Some time ago, I had a chance to practice archery with a bow and some arrows. I liked the thrill of this sport and had several arrows almost hit the mark in the dead centre. Just like the Figure above. Well, I thought, I never knew that I was so good at this sport.
Then, the concept of difference between a professional and an amateur started becoming clear to me, which is explained below.
It turns out that Josh Kaufman said that anything can be learned up to a reasonable level in 20 hours. In the best-selling book Outliers, author Malcolm Gladwell says that it takes roughly 10,000 hours of deliberate practice to achieve mastery in a field.
When I first heard Josh’s claim, I was quite surprised. How can something be done so well in just 20 hours? Now I can see that the difference between an amateur and a master lies right there in the numbers. It is very easy to start anything and almost hit the mark pretty quickly. The difference between an amateur and a professional is the journey from this almost hit the mark (here, the emphasis on almost is in space) to almost ALWAYS hit the target (here, the emphasis on almost always is in time).

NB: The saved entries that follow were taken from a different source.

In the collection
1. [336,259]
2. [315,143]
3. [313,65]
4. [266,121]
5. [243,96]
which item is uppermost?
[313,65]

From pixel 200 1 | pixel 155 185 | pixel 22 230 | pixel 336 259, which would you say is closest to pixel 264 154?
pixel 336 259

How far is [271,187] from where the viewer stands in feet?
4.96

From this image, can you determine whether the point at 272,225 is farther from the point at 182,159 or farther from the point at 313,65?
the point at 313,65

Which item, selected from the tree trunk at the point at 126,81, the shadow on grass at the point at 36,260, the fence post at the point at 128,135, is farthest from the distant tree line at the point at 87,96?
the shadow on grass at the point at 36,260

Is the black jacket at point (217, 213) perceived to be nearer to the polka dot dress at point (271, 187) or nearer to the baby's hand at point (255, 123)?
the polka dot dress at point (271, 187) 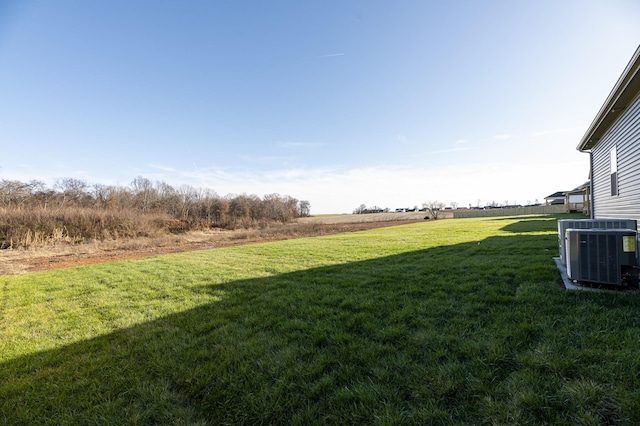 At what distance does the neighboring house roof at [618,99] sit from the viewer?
4844 mm

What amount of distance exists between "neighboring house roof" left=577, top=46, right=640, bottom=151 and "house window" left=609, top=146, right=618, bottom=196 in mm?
844

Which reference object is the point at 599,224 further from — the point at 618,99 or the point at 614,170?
the point at 614,170

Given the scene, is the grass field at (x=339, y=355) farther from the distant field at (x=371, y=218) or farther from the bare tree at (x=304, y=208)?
the bare tree at (x=304, y=208)

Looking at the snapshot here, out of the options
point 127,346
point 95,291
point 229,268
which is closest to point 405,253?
point 229,268

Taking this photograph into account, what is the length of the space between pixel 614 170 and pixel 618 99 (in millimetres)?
2770

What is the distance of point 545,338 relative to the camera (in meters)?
2.55

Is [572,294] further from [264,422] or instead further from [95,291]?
[95,291]

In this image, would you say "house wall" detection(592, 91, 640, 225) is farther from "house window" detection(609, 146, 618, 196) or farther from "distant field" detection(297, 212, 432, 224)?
"distant field" detection(297, 212, 432, 224)

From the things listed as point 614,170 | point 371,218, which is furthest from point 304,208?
point 614,170

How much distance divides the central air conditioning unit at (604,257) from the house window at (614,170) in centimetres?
571

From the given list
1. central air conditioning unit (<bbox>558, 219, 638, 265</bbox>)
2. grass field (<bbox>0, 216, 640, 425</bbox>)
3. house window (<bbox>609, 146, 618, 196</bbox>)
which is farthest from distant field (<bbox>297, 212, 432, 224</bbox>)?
grass field (<bbox>0, 216, 640, 425</bbox>)

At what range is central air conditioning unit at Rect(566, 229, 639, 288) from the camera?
3578 millimetres

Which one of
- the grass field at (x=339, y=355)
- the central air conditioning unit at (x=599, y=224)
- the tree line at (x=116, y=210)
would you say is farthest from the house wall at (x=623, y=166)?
the tree line at (x=116, y=210)

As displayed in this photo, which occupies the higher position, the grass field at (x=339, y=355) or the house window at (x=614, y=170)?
the house window at (x=614, y=170) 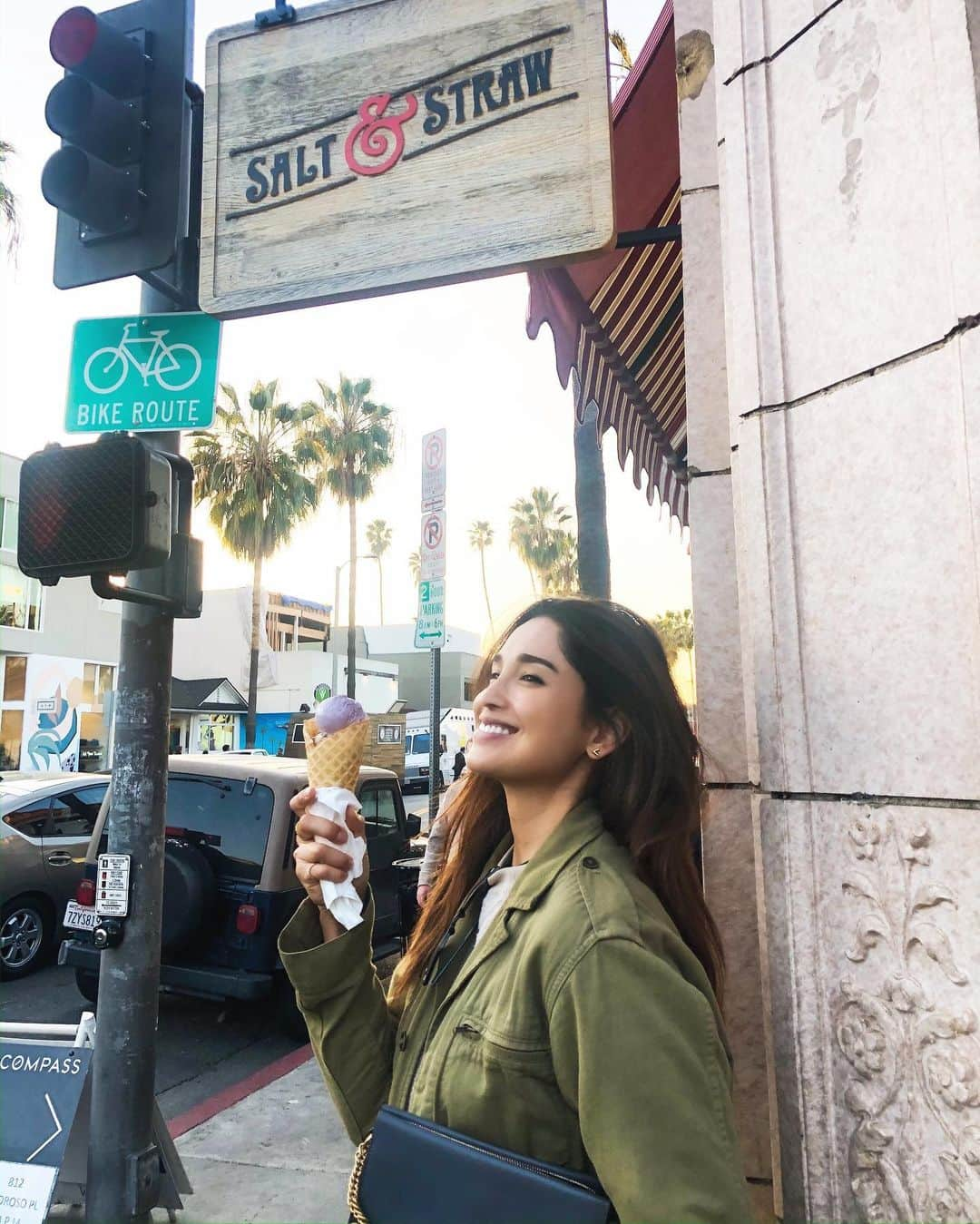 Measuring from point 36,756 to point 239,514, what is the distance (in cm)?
911

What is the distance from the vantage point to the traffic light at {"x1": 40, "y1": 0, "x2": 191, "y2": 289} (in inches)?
120

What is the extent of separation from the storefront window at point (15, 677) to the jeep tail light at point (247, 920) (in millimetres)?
20139

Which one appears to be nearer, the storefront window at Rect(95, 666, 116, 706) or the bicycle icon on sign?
the bicycle icon on sign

The actual learning curve is a logarithmic one. As shown in Figure below, any amateur starts quite good and seems to have a special talent or be ‘natural’ in that field. In this region of the first 20 hours, they improve very fast and appear to hit the level of mastery soon. However, with time, the curve starts to flatten out and so little progress seems to be coming from a large amount of spent time. It is necessary to spend around 10,000 hours to get to a master’s level.
The interesting point is that difference between two persons who have respectively invested 2,000 and 10,000 hours, respectively, is not immediately visible. In reality, this is how almost hitting the mark for an amateur gradually turns into almost always hitting the mark for a professional.
Example of some other sports: In cricket, all it takes is a 1 inch difference for the ball to hit the middle of the bat and go for a six versus getting caught within the field. For baseball, this difference is even smaller. Various angles created by professional soccer and hockey players to score a goal come from years of practice. Ice hockey players take this mastery of precise angles to an entirely new level.
The same comparison can be found between a device designed by a senior engineer and a fresh graduate, or a surgery performed by a veteran and a junior doctor. This whole process reminds me of a great quote by a master comedian.
I did stand-up comedy for 18 years. 10 of those years were spent learning, 4 years were spent refining, and 4 years were spent in wild success.